* What you are asked to do
Without any pictures, reproduce exactly the lines running from the line containing "Sunvega Miquell Oak" through the end of the entries.

* Supplied records
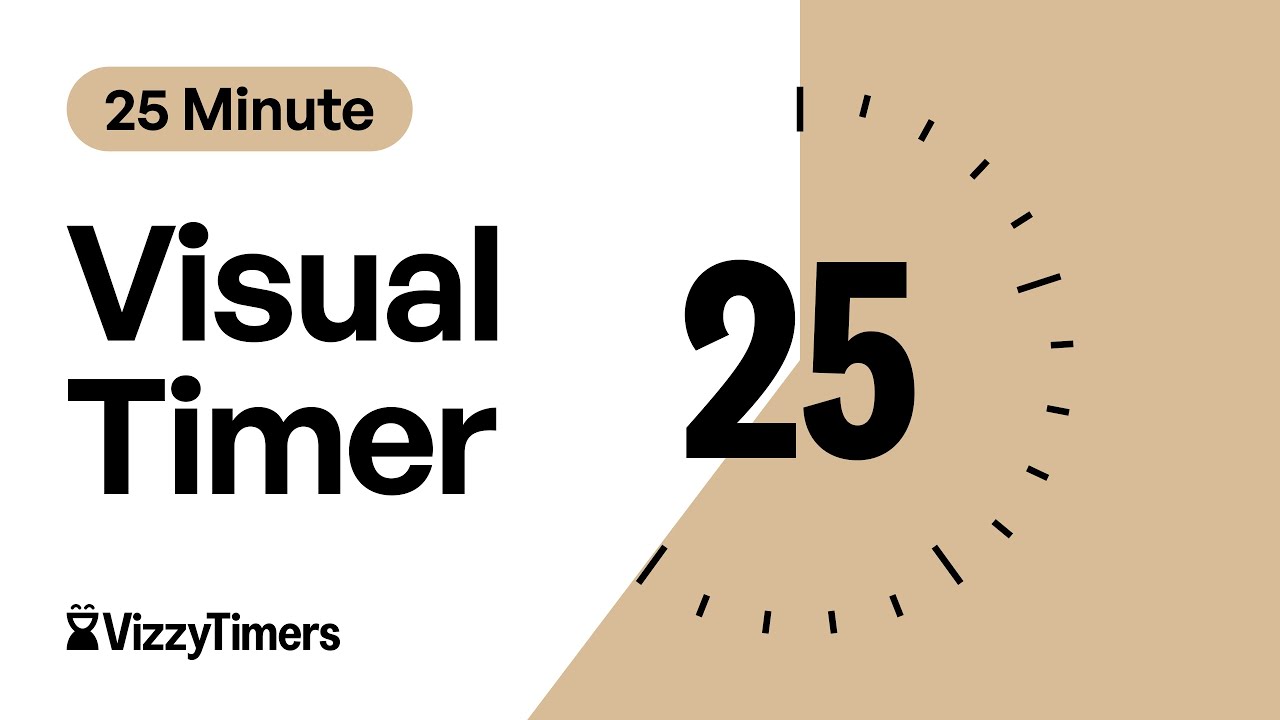 25 Minute Visual Countdown Timer For Classroom, Parents, Kids, ADHD focus, Workouts, by Vizzy Timers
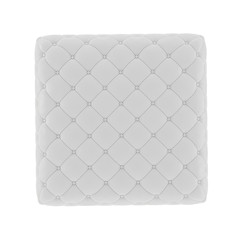 White quilted square leather pouf on a white background. Top view. 3d rendering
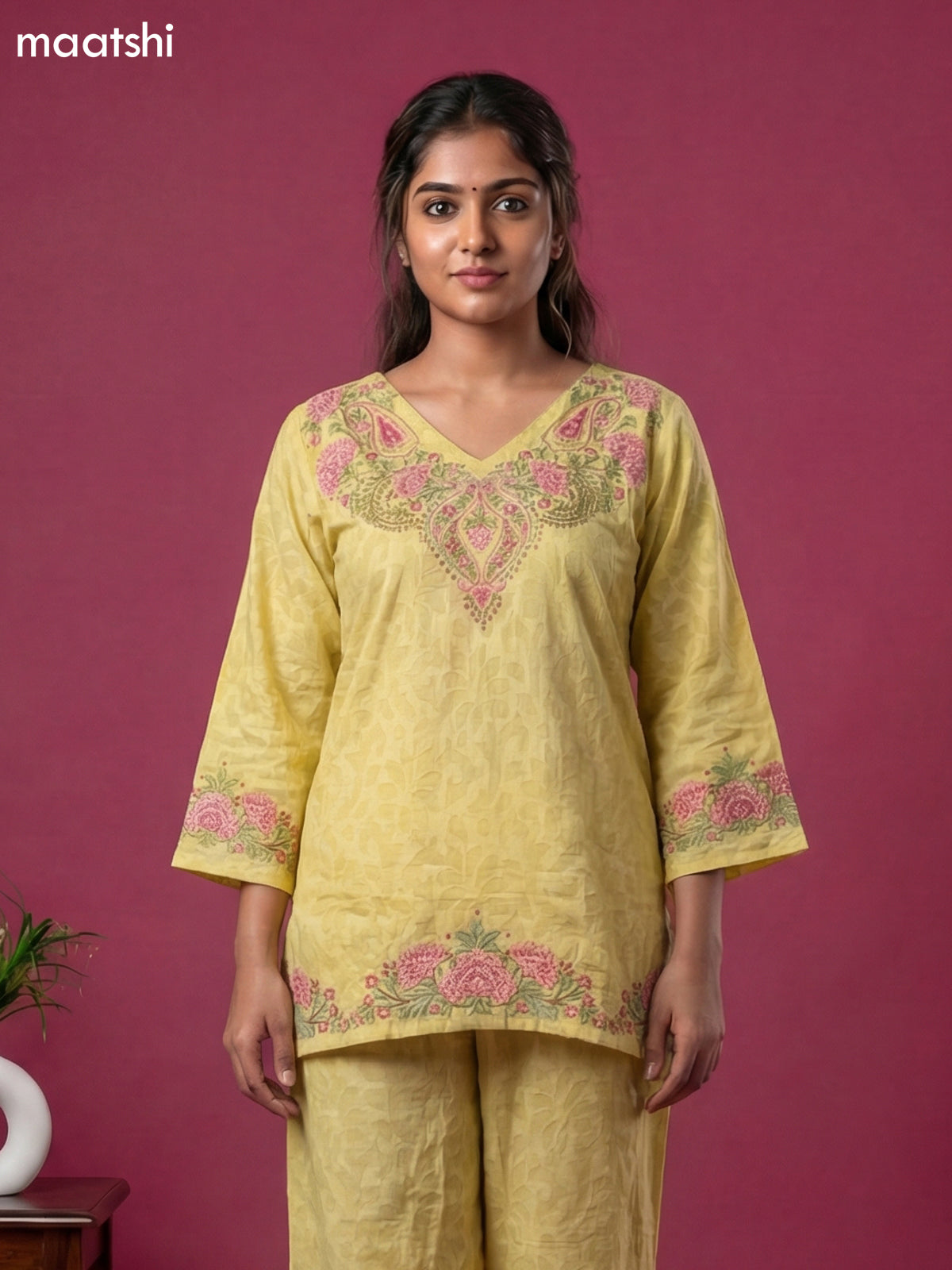 Pale Yellow Cotton Embroidery Work Short Kurti Set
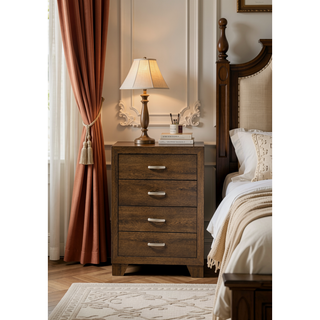 Sunvega Miquell Oak Finish Chest with Five Spacious Drawers and Wooden Block Legs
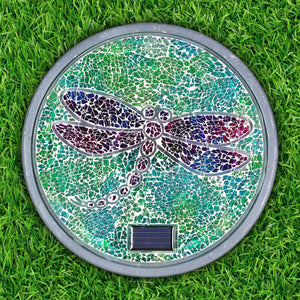 Solar Mosaic Glass Dragonfly in Cement Stepping Stone, 10.5 Inches | Shop Garden Decor by Exhart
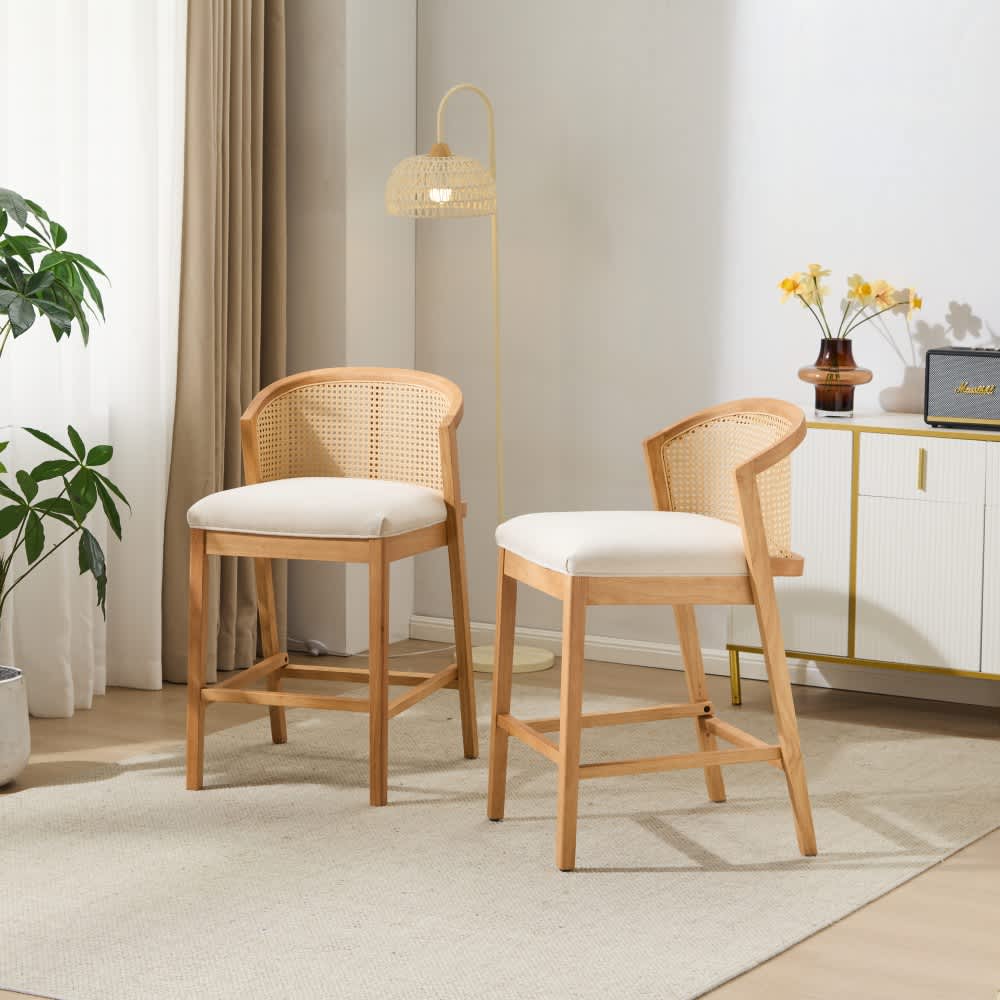 Coolbibila PALOMA-STOOLS-BEIGE Indoor Natural Wooden Beige Upholstered Counter Stools Set of 2 with Rattan Back for Dining Room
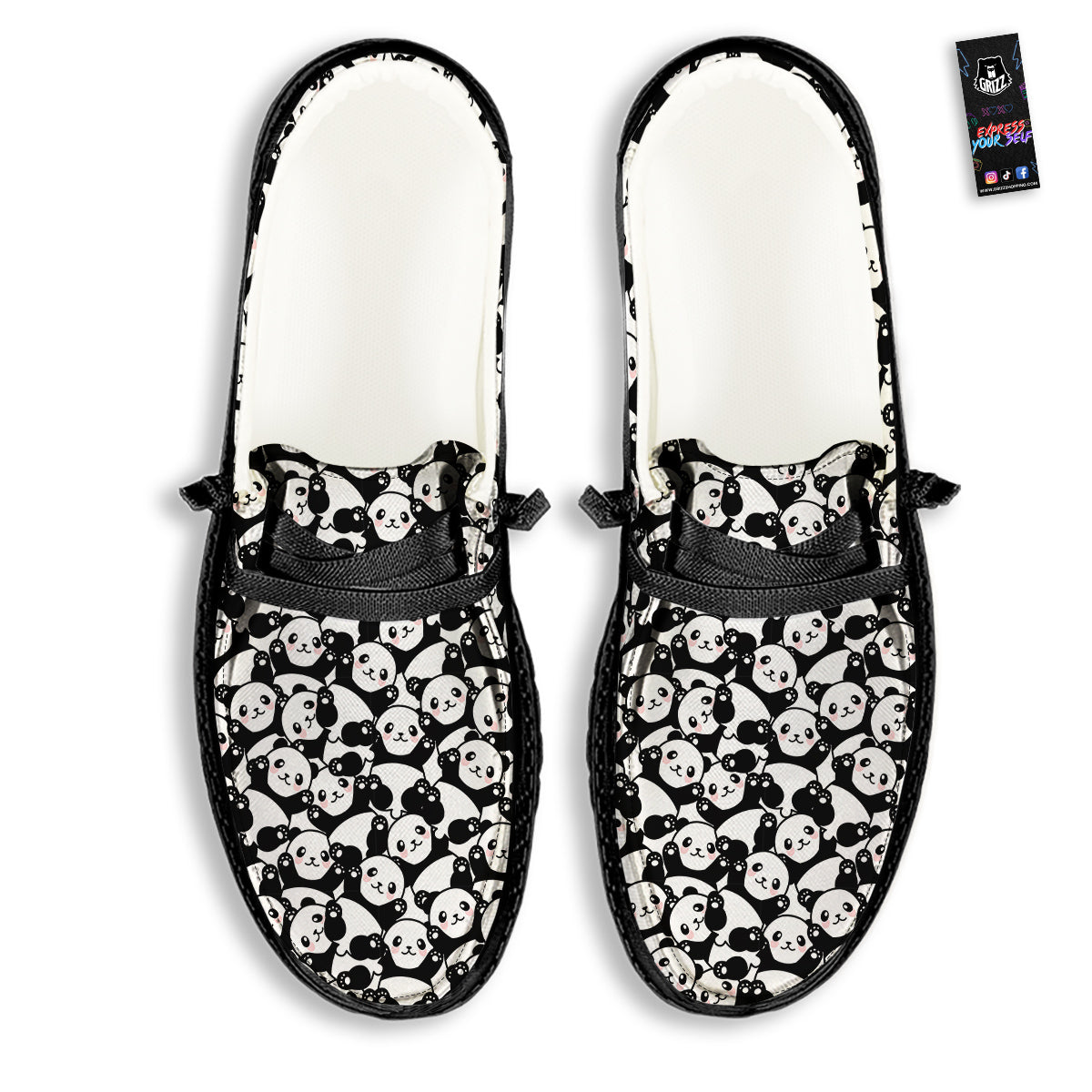 Happy Panda Cute Print Pattern Black Loafers-grizzshop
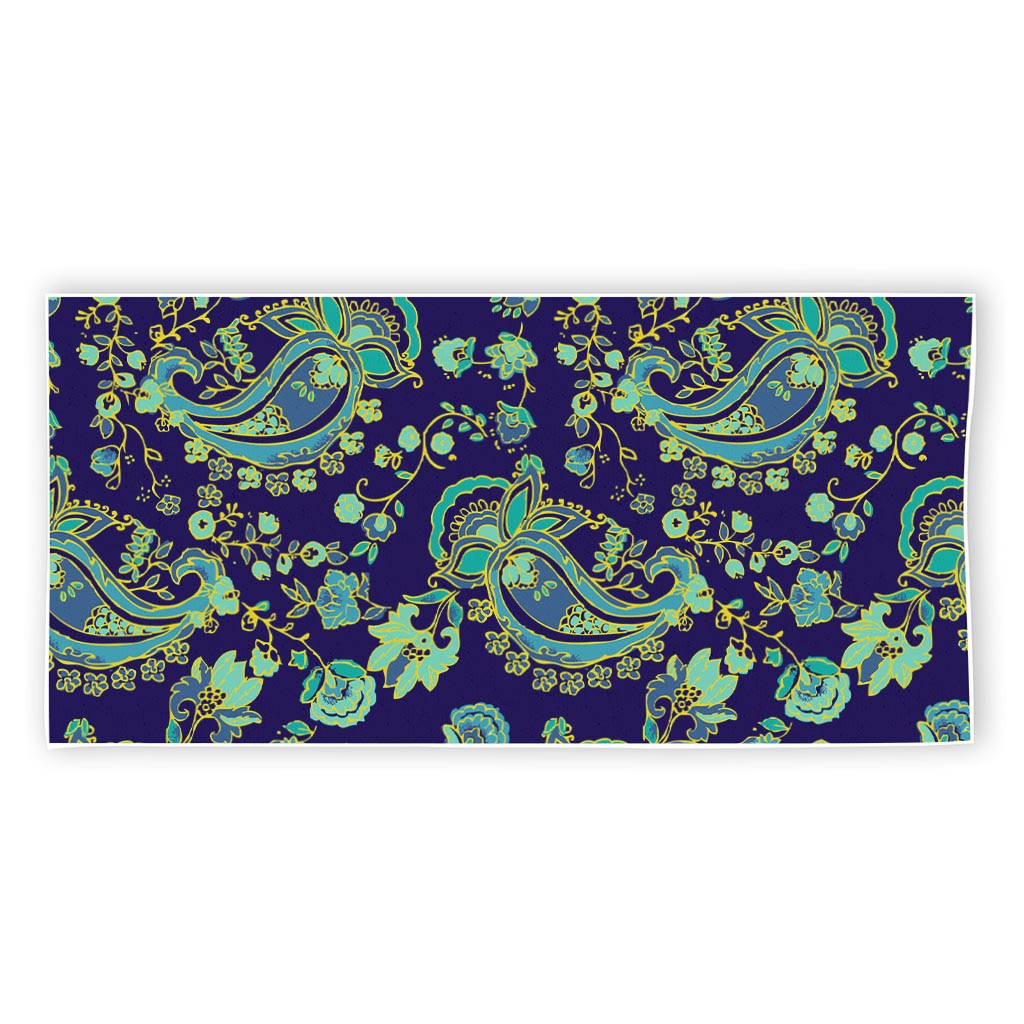 Blue Bohemian Paisley Pattern Print Beach Towel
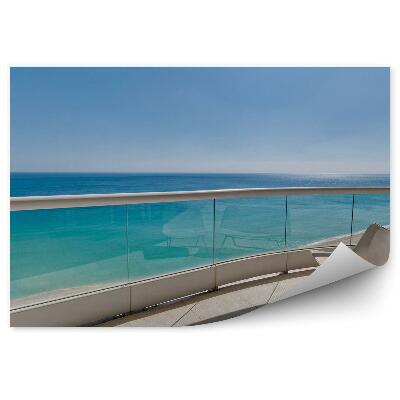 Fototapeta Pohled z balkonu na oceán lehátka sklo pohled na písek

* Written response
 Sunvega Miquell Oak Finish Chest with Five Spacious Drawers and Wooden Block Legs
 Solar Mosaic Glass Dragonfly in Cement Stepping Stone, 10.5 Inches | Shop Garden Decor by Exhart
 Coolbibila PALOMA-STOOLS-BEIGE Indoor Natural Wooden Beige Upholstered Counter Stools Set of 2 with Rattan Back for Dining Room
 Happy Panda Cute Print Pattern Black Loafers-grizzshop
 Blue Bohemian Paisley Pattern Print Beach Towel
 Fototapeta Pohled z balkonu na oceán lehátka sklo pohled na písek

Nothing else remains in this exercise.